• [What to work on]
Would you transcribe only the lines from the one holding "pe给水管什么牌子好供水管315信息" through the end of the material, exactly, without any pictures?

• [Data to process]
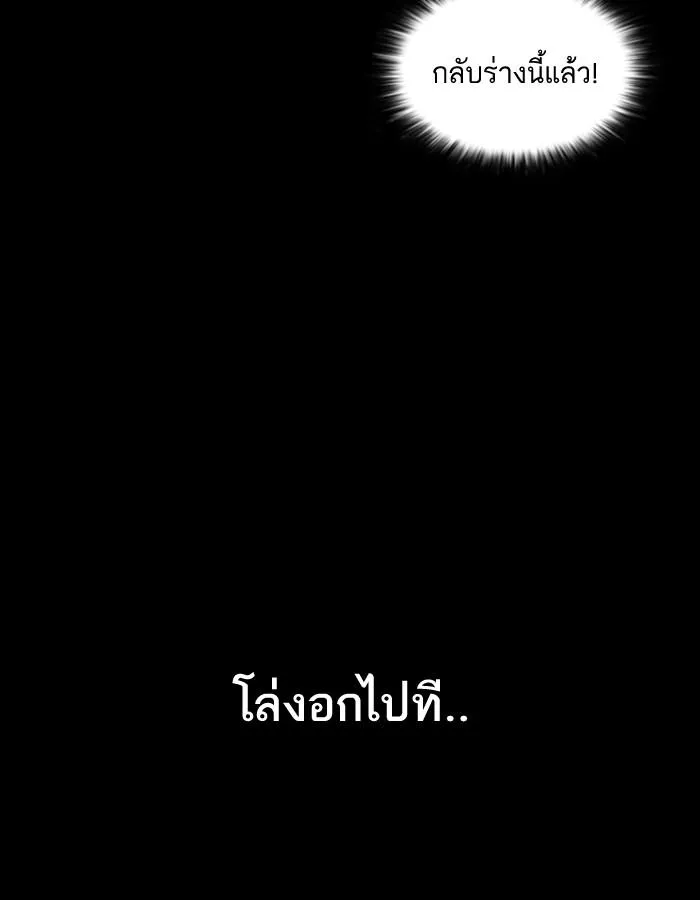 หน้า 175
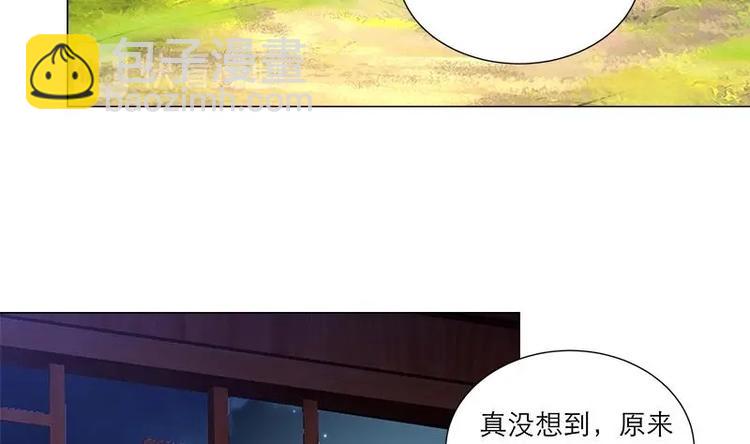 第30话 想在你身边25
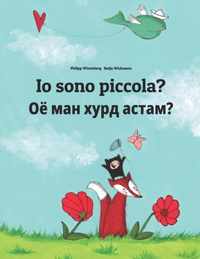 Io sono piccola?    ?: Libro illustrato per bambini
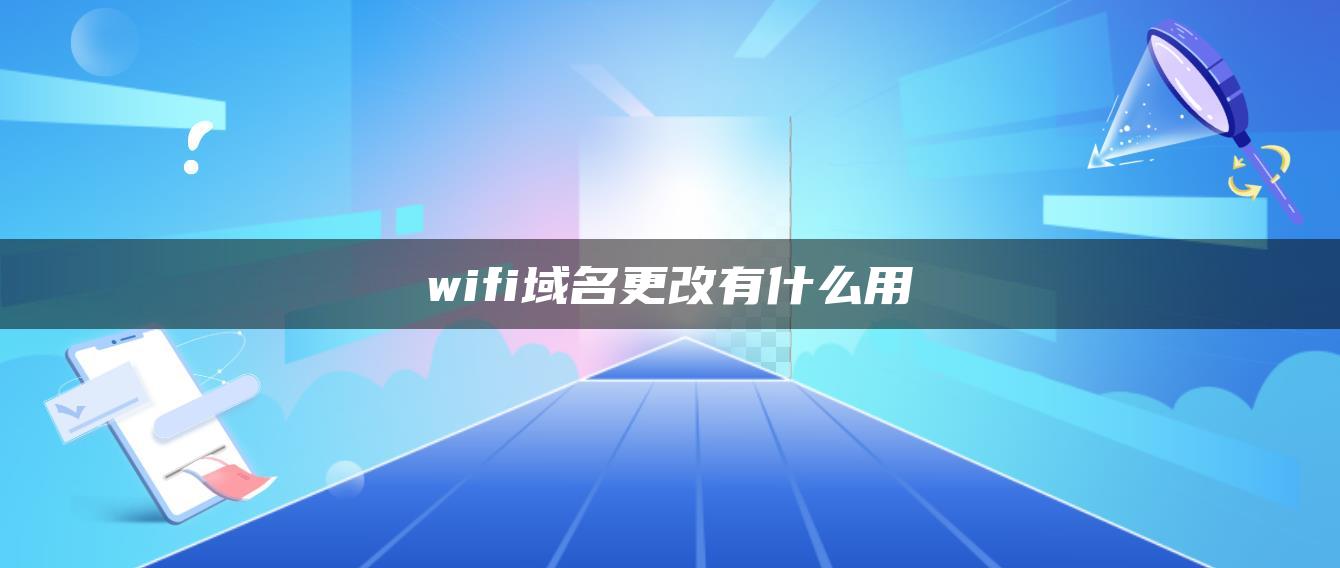 wifi域名更改有什么用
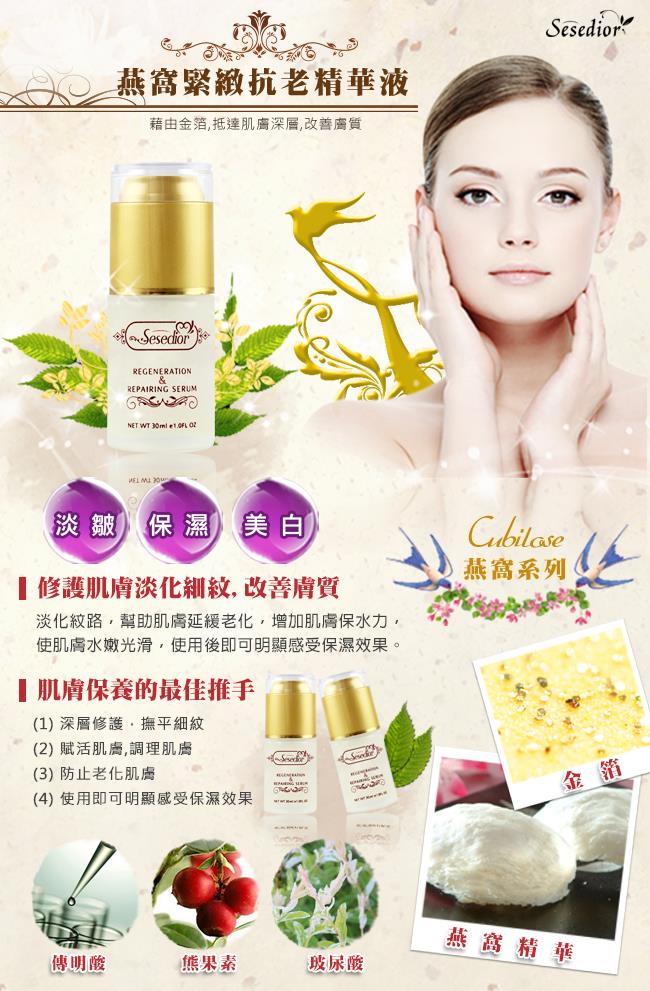 燕窩緊緻抗老精華液藉由金箔抵達肌膚深層,改善膚質SesediorREGENERATIONREPAIRING SERUMNET WT    【淡皺保濕 【美白修護肌膚淡化細紋,改善膚質淡化紋路,幫助肌膚延緩老化,增加肌膚保水力,使肌膚水嫩光滑,使用後即可明顯感受保濕效果。肌膚保養的最佳推手(1)深層修護,撫平細紋燕窩系列(2) 賦活肌膚,調理肌膚(3)防止老化肌膚(4)使用即可明顯感受保濕效果金箔傳明酸熊果素玻尿酸燕窩精華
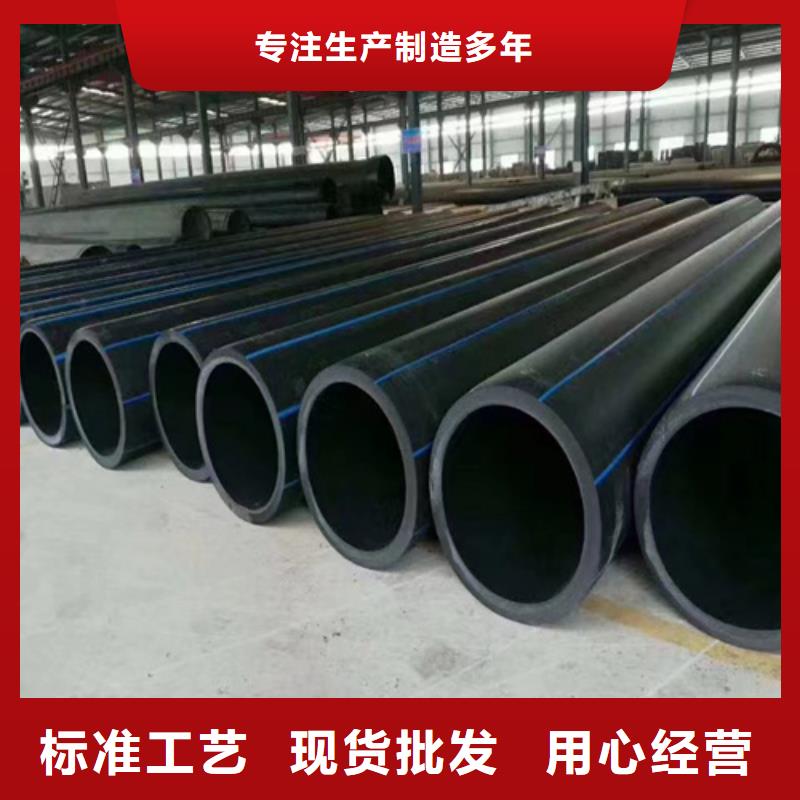 pe给水管什么牌子好供水管315信息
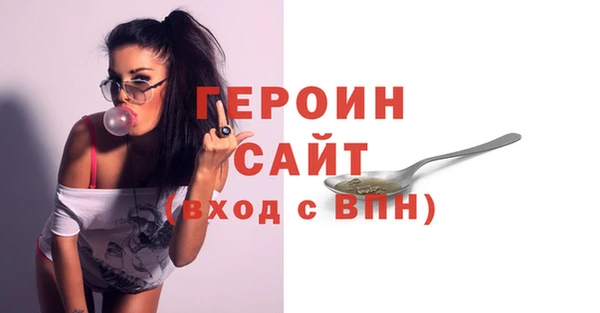 наркотики Армянск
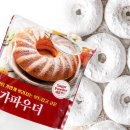 새롬 - 부평구 마장로 456 | 새롬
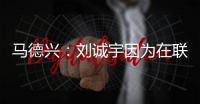 马德兴
�：刘诚宇因为在联赛中大腿肌肉拉伤，单独进行康复训练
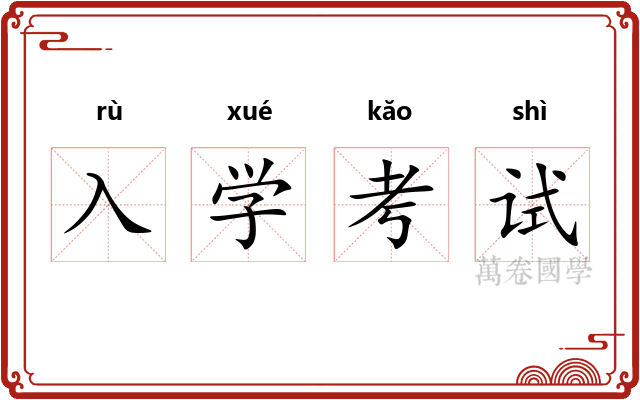 入学考试 入学考试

• [Exercise output]
 pe给水管什么牌子好供水管315信息
 наркотики Армянск
 새롬 - 부평구 마장로 456 | 새롬
 马德兴
�：刘诚宇因为在联赛中大腿肌肉拉伤，单独进行康复训练
 入学考试 入学考试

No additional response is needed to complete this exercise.